Extracted records:

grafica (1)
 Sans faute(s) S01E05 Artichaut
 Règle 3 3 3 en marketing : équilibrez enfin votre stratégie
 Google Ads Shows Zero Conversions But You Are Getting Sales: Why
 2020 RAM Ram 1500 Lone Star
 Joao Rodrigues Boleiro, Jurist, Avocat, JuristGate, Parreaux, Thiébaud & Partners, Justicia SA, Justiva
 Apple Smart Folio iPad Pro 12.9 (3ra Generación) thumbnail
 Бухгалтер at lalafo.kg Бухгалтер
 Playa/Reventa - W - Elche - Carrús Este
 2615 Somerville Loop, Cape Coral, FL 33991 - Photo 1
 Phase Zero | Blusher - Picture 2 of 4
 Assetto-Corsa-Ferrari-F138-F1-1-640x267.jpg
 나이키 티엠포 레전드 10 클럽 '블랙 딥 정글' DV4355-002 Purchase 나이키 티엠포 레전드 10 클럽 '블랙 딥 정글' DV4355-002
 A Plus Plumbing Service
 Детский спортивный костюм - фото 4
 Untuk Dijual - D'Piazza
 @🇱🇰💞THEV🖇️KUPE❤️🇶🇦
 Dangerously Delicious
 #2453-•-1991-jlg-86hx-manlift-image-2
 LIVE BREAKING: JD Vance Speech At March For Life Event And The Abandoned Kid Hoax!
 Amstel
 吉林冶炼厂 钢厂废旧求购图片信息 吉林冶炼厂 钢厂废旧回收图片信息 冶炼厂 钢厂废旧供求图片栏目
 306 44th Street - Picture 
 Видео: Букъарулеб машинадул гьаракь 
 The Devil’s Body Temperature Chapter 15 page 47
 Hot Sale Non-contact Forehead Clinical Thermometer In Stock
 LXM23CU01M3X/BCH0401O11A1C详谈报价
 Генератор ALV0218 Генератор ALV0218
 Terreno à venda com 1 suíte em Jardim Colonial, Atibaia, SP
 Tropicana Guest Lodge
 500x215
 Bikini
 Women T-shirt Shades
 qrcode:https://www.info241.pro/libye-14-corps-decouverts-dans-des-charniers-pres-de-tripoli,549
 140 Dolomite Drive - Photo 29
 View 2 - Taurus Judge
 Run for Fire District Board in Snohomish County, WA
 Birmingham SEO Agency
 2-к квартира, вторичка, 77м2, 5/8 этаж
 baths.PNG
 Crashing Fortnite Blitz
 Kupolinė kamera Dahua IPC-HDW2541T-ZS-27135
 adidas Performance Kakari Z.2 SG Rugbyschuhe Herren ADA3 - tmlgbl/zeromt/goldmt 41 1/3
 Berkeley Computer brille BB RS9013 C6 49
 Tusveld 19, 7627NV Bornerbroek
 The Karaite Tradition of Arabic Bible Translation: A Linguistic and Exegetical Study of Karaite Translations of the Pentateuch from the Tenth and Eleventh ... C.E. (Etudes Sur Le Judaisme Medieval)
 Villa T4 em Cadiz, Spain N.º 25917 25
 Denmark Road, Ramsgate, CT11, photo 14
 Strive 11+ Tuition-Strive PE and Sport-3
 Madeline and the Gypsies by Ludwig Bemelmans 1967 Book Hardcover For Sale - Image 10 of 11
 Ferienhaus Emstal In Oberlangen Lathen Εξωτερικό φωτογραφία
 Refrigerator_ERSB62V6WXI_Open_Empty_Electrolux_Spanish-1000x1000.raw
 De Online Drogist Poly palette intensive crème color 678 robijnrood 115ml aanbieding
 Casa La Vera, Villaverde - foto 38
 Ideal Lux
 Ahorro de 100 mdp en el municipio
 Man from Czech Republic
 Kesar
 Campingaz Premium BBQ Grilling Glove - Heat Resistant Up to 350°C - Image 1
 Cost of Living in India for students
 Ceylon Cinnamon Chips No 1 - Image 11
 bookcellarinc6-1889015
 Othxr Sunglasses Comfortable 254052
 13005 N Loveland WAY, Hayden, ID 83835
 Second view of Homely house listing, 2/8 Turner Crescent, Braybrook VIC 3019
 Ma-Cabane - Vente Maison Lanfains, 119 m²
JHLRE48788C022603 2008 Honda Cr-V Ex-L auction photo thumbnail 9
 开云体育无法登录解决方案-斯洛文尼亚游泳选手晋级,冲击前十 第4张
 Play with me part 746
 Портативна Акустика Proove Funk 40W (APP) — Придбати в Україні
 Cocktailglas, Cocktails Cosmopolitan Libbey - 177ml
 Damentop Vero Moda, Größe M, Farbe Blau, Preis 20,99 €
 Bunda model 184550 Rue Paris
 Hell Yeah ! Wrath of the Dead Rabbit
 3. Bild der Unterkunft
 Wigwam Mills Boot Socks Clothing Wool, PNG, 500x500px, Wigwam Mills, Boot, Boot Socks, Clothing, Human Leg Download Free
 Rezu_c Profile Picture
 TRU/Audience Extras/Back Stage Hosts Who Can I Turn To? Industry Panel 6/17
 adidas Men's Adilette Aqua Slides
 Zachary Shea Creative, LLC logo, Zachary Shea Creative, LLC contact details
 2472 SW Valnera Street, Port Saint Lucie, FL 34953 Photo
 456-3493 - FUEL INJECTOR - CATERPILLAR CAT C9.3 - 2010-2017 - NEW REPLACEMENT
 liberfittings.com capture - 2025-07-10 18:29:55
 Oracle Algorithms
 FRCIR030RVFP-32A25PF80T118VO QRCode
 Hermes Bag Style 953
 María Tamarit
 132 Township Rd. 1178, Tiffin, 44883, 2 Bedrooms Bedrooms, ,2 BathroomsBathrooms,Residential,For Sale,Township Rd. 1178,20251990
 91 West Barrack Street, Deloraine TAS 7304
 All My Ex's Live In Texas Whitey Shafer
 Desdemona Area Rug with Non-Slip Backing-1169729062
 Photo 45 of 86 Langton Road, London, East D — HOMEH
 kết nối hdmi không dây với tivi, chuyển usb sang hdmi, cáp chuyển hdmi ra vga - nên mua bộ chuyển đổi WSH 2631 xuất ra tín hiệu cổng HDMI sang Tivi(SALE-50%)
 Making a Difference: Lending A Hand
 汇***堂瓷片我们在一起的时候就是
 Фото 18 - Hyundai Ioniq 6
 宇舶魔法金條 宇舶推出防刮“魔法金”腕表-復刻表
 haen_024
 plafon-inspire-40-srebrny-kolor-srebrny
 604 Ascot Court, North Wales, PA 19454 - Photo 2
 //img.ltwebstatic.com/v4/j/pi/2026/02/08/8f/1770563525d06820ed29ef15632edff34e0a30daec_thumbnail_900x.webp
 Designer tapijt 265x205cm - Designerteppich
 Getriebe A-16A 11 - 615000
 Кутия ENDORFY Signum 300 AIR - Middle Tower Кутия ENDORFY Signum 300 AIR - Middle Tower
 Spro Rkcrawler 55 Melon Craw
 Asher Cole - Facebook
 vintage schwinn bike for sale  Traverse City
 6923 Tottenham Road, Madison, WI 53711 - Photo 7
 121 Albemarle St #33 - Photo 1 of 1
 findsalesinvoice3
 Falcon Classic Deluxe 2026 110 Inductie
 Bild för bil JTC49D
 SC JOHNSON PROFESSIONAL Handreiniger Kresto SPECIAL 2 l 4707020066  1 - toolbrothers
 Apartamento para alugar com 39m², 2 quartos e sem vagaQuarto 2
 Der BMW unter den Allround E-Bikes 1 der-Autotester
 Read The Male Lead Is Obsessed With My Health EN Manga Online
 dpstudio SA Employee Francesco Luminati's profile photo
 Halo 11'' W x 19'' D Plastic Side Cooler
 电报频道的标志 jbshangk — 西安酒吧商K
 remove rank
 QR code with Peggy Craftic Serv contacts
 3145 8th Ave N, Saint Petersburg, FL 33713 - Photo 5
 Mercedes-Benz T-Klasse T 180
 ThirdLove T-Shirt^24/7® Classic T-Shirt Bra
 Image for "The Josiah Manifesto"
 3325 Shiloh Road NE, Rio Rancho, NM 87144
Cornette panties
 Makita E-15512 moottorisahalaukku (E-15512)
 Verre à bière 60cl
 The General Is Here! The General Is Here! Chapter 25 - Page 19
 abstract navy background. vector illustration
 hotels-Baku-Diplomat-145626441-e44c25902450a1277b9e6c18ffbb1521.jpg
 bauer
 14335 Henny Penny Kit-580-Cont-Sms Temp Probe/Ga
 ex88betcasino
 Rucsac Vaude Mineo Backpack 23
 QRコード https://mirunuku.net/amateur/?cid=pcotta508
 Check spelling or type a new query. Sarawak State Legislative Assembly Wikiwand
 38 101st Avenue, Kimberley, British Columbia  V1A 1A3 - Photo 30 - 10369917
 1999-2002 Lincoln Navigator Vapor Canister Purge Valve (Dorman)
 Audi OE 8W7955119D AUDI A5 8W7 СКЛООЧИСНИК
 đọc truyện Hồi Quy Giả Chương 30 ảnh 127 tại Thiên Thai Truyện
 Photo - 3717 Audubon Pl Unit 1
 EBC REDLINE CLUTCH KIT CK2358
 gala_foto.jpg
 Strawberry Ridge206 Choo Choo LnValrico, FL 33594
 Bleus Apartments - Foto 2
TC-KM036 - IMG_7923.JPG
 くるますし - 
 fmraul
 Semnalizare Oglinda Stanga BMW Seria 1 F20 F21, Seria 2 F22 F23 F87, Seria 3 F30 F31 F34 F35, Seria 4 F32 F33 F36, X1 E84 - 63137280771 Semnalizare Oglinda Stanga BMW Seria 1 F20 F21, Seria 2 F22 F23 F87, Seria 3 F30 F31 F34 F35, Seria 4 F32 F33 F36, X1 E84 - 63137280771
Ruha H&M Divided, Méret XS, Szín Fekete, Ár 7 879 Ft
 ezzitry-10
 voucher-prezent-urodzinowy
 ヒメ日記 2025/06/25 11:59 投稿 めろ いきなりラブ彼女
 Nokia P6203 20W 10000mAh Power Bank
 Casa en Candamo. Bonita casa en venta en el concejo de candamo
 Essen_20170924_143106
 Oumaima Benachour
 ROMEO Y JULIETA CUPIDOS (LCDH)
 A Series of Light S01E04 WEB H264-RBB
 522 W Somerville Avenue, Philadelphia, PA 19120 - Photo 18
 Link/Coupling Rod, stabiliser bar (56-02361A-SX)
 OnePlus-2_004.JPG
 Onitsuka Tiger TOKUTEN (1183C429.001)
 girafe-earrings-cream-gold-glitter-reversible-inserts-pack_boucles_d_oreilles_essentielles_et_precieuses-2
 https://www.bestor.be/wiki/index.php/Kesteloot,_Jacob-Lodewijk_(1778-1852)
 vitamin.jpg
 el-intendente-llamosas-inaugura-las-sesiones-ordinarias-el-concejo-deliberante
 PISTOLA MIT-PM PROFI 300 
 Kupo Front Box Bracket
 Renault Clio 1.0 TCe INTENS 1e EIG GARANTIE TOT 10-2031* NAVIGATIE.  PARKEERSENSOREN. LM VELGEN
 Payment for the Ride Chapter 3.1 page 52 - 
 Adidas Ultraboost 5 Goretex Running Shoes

Problem description: Lines above that have "Avenue": copy each of them.

Your response:
 38 101st Avenue, Kimberley, British Columbia  V1A 1A3 - Photo 30 - 10369917
 522 W Somerville Avenue, Philadelphia, PA 19120 - Photo 18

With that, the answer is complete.